Requirement: Take the whole listing and reproduce it exactly, pictures excepted.

Provided data:
◆ ◆ ◆ ◆ ◆ ◆ ◆

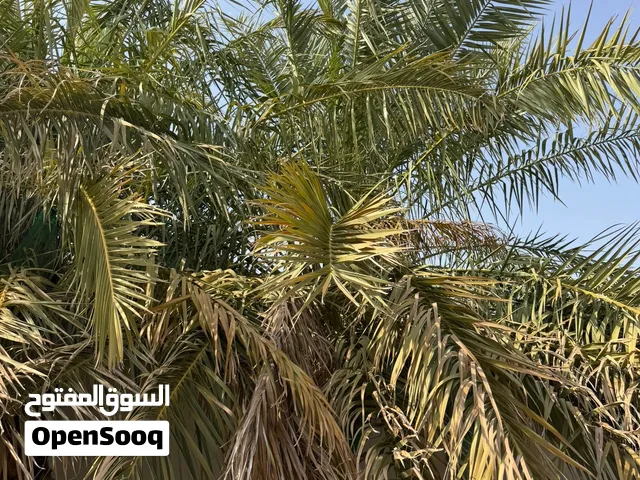 نخل 8 للبيع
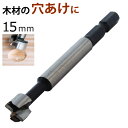 フォスナービット 15mm FB-15 シャンク径6.35mm 六角 新潟精機 【木工用 座ぐりドリル 穴あけ 加工 ホールソー 切削工具 DIY 工具】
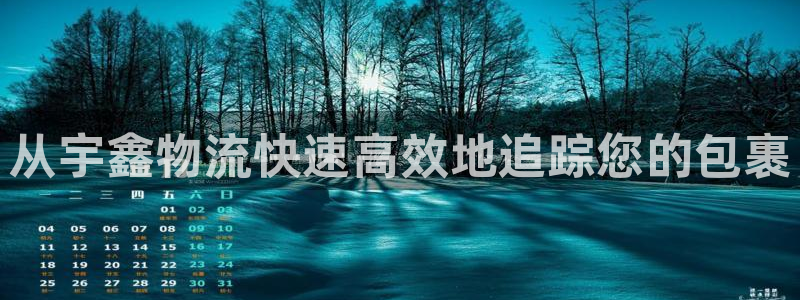 28圈p扣除：从宇鑫物流快速高效地追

◆ ◆ ◆ ◆ ◆ ◆ ◆

Task response:
 نخل 8 للبيع
 フォスナービット 15mm FB-15 シャンク径6.35mm 六角 新潟精機 【木工用 座ぐりドリル 穴あけ 加工 ホールソー 切削工具 DIY 工具】
 28圈p扣除：从宇鑫物流快速高效地追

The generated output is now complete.